For the past year, I enjoyed the rare, substantial gift of journalistic support from the Ms. Foundation for Women. With its integrated vision of media, grantmaking and policy in the service of women, the foundation enabled me to write in-depth, investigative stories on child care and low-wage work. My research and conversations with affected women across the country have, I hope, informed the organization’s work more generally.
Here are some of the pieces I wrote in the course of my fellowship:
- “The Invisible Workforce: Why Do the People Raising Our Children Earn Poverty Wages?” in The Nation (Aug. 2013), on in-home family child care providers in New Jersey, with an accompanying short video.
- "What Separates Welfare from Work" on Open City (July 2013), on welfare-to-work and child care subsidies in New York, featuring former Ms. Foundation grantee Community Voices Heard.
- "The Fourth Circuit’s NLRB Smackdown" in The American Prospect (June 2013), on recent court decisions further hampering the National Labor Relations Board.
- "What Kind of Work Is Care?" in New Labor Forum (Spring 2013), a book review of Making Care Count and Raising Brooklyn, featuring former Ms. Foundation grantee Domestic Workers United.
- "A Brooklyn Corner: Day laborers who clean for ultra-Orthodox Jewish households are learning about their rights" in The Nation (Apr. 2013), on women day laborers and the informal domestic economy in Brooklyn.

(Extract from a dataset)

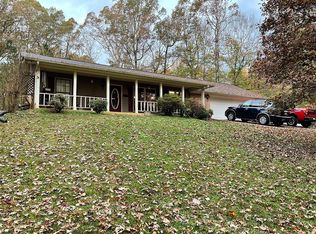 281 Lake Cherami Dr, Grenada, MS 38901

- "Home Is Where the Union Is" in The American Prospect (Dec. 2012), on working conditions for nannies and housecleaners, featuring former Ms. Foundation grantee National Domestic Workers Alliance and its affiliates, including grantee Adhikaar.
- “Onus of Child Support Shouldn’t Be On Moms” in the Albuquerque Journal (Sept. 2012), an op-ed about enforcement requirements and child care subsidies, written in conjunction with former Ms. Foundation grantee OLÉ in New Mexico, also featuring former grantee Mississippi Low-Income Child Care Initiative.
- And keep an eye out for my story examining cuts to child care and kinship care subsidies in Kentucky, forthcoming on Al Jazeera America later this month.
The Ms. Foundation’s incoming fellow, Lindsay Rosenthal, will begin next month in her role identifying the best strategies for increasing access to health care services for girls currently in or transitioning from the juvenile justice and foster care systems.